If there is a file that is output from the command, then the command must write the name of the file to stdout, and ONLY the name of the file. If the result from stdout is that of a valid file, then the file will be uploaded into a single S3 bucket (more on that later). If there is no output or the output is not that of a valid file, then the framework will simply move on to the next file.
At this time there is no way to upload more than a single file at once. If you would like to do so, you can make your command output as many files as you want, and finally zip them together into a single output file.
This code runs on an instance. It is intended to be started automatically at instance start time. In most applications, it is also appropriate to shut down the instance once this code completes.
All processing occurs on the local filesystem of an instance. The command may do whatever it wants with the local filesystem, but such changes are local. You will need to condense everything into a file and output the name of said file if you want anything to be permanently saved.

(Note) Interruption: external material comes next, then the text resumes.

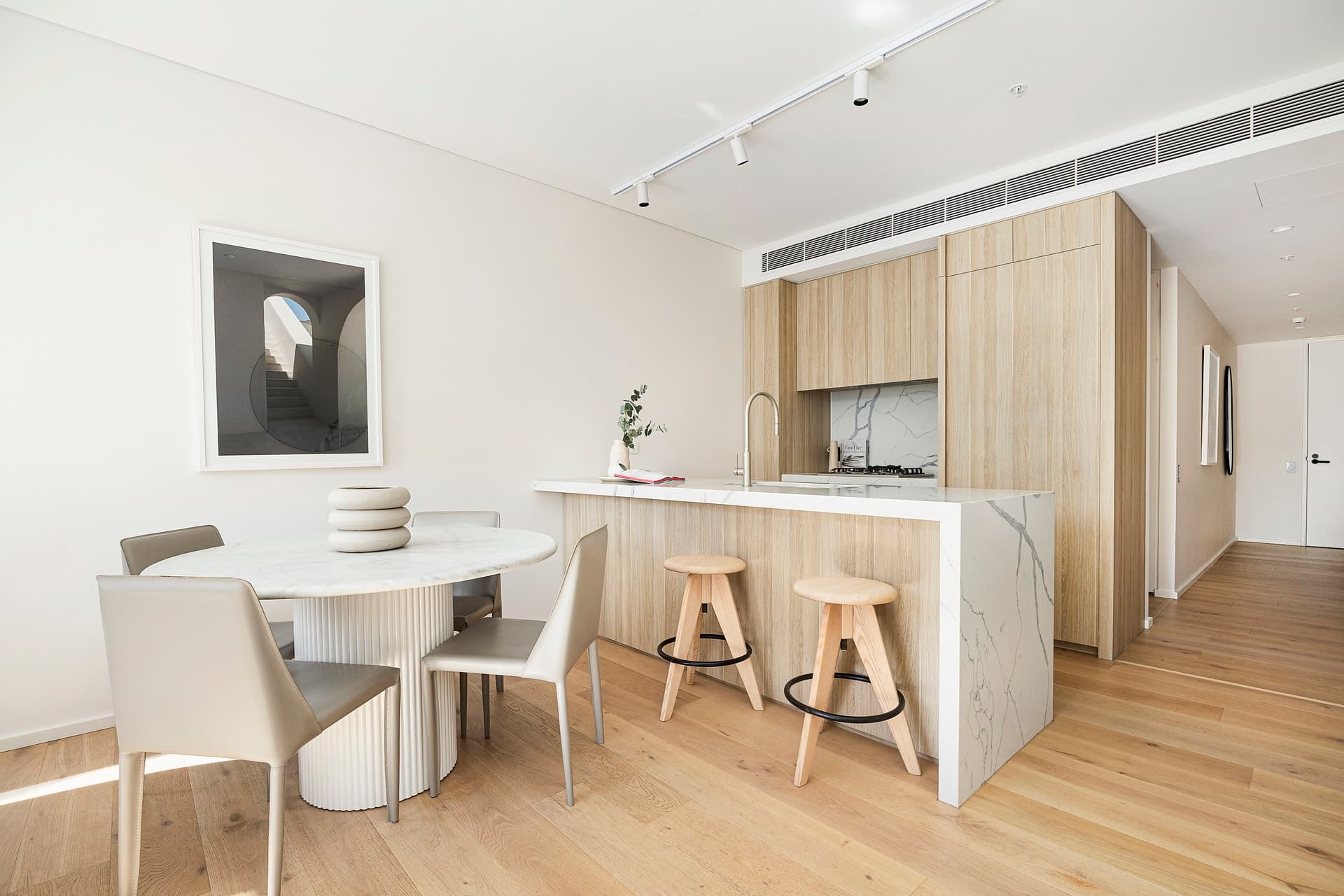 603/3 Gray Street, Bondi Junction, Bondi Junction - Thumbnail 6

SQS is used heavily. All input filenames that have yet to be processed are put into SQS, one file per message. Instances pull messages off of the queue one at a time, retrieving the input file from an S3 bucket, performing whatever user-defined processing there is, and possibly writing the output to another S3 bucket. SQS confers load balancing, as it acts as a global queue upon which instances can pull more work from. Load balancing is at the granularity of a single file. SQS also grants fault tolerance. Messages ultimately remain in the queue until they are explicitly deleted, and this delete occurs only when we have completely finished processing a file and optionally uploaded the output. If there is a failure in between, the message to process the file remains, and another instance will later process the file.

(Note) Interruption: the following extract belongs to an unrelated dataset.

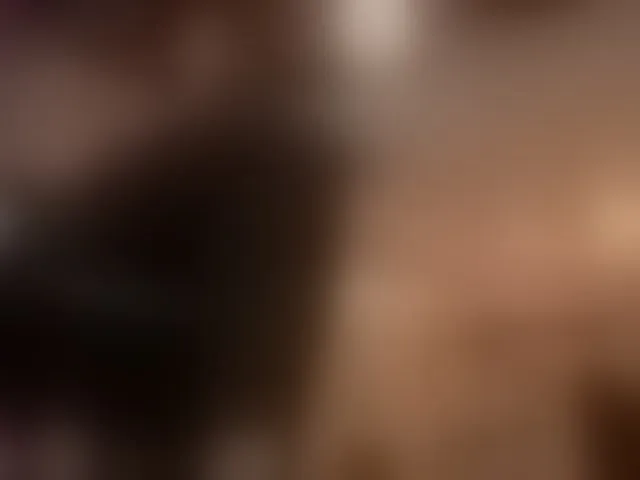 Live sex webcam photo for KatieStonne #292656512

The system has the following components:
The lifecycle of each worker is roughly as follows:
bootUp();
String zipName = param( ENVIRONMENT_ZIP_FILE_NAME );
s3EnvironmentBucket.getFile( zipName );
execute( "unzip", zipName );
execute( "cd", param( ENVIRONMENT_PREFIX ) );
execute( "chmod", "a+x", param( ANALYSIS_FILE_NAME ) );
while ( sqsQueue.containsMessages() ) {
Message message = sqsQueue.getMessage();
String filename = message.getContents();
s3InputBucket.getFile( filename );
String commandOutput = execute( param( ANALYSIS_FILE_NAME ),
filename );
if ( isFile( commandOutput ) ) {
s3OutputBucket.putFile( commandOutput );
deleteFile( commandOutput );
}
sqsQueue.doneWithMessage( message );
deleteFile( filename );
}
if ( param( TERMINATE_ON_SHUTDOWN ) == true ) {
if ( param( PERSISTENT_SPOT_INSTANCE ) == true ) {
ec2.cancelSpotInstanceRequest( this );
}
execute( "shutdown", "-h", "now" );
}
These are the basic steps to using the framework. Many of these steps are at least partially automated with some included scripts. This information is provided mostly for troubleshooting reasons.
Compile the code and set up your UNIX environment by following steps 1-7 of the "Making Your Own AMI" section.
Edit your parameters.txt
file to contain at least your access key and
your secret key.
Then run PrepBucket
to make and upload your files to a bucket of your choice.
The command works as such:
$ java PrepBucket bucket_name file_1 file_2 ... file_n
...where bucket_name
is the name of your bucket. If bucket_name
doesn't already exist, it will create a new bucket with that name. Each of the
files specified will be uploaded to that bucket. It is not necessary to provide any files; in this case the behavior is the same but no files are added.
Now make S3 buckets for the environment and for the output files. Personally I just do this through the AWS Management Console.
Now package up your analysis script and any environment it needs into a zip file.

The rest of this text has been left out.